**ABOUT THIS TASK**
The response should contain all of the records, copied exactly, and none of the images.

Saved data entries:
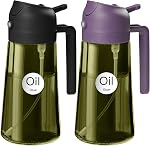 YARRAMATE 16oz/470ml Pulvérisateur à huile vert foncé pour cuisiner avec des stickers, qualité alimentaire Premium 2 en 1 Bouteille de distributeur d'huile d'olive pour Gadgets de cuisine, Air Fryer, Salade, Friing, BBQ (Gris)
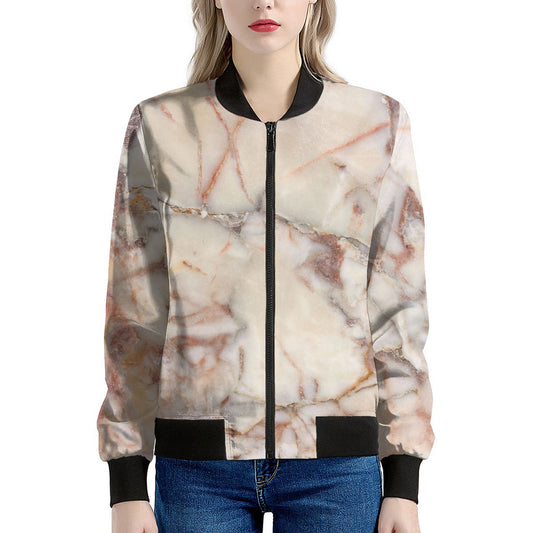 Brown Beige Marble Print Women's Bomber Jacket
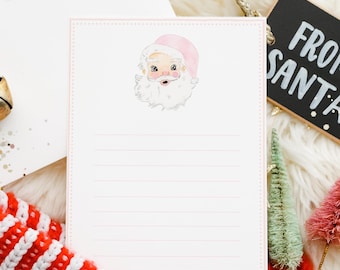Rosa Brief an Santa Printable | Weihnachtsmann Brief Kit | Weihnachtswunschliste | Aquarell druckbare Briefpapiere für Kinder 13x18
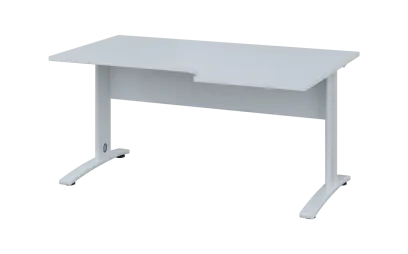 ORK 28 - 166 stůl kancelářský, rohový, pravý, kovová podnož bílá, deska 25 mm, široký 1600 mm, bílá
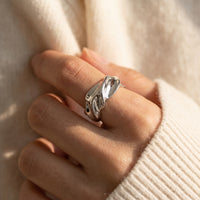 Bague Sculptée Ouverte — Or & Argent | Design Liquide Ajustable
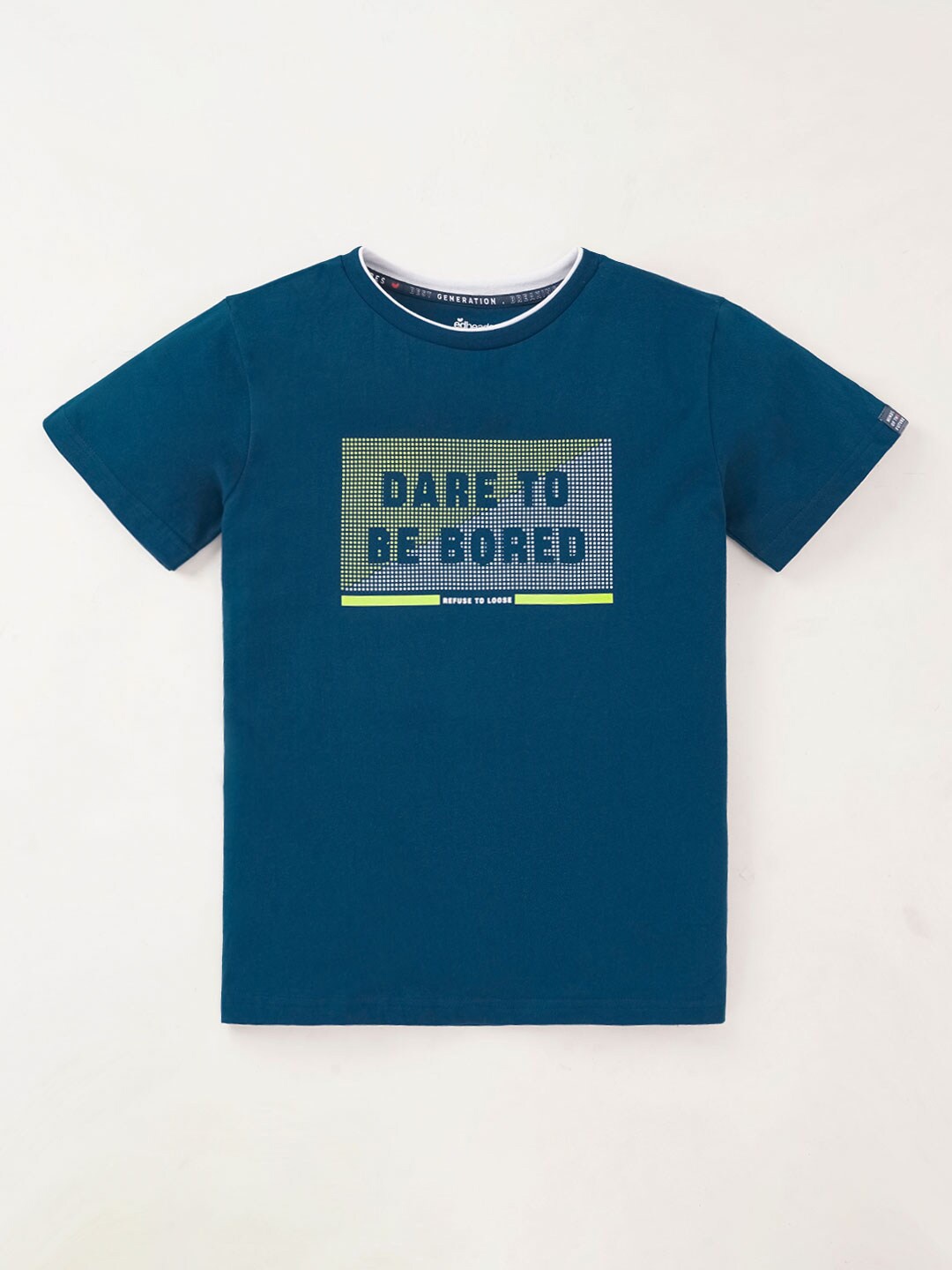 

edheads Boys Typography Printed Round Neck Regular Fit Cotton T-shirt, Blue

**SOLUTION**
 YARRAMATE 16oz/470ml Pulvérisateur à huile vert foncé pour cuisiner avec des stickers, qualité alimentaire Premium 2 en 1 Bouteille de distributeur d'huile d'olive pour Gadgets de cuisine, Air Fryer, Salade, Friing, BBQ (Gris)
 Brown Beige Marble Print Women's Bomber Jacket
Rosa Brief an Santa Printable | Weihnachtsmann Brief Kit | Weihnachtswunschliste | Aquarell druckbare Briefpapiere für Kinder 13x18
 ORK 28 - 166 stůl kancelářský, rohový, pravý, kovová podnož bílá, deska 25 mm, široký 1600 mm, bílá
 Bague Sculptée Ouverte — Or & Argent | Design Liquide Ajustable

edheads Boys Typography Printed Round Neck Regular Fit Cotton T-shirt, Blue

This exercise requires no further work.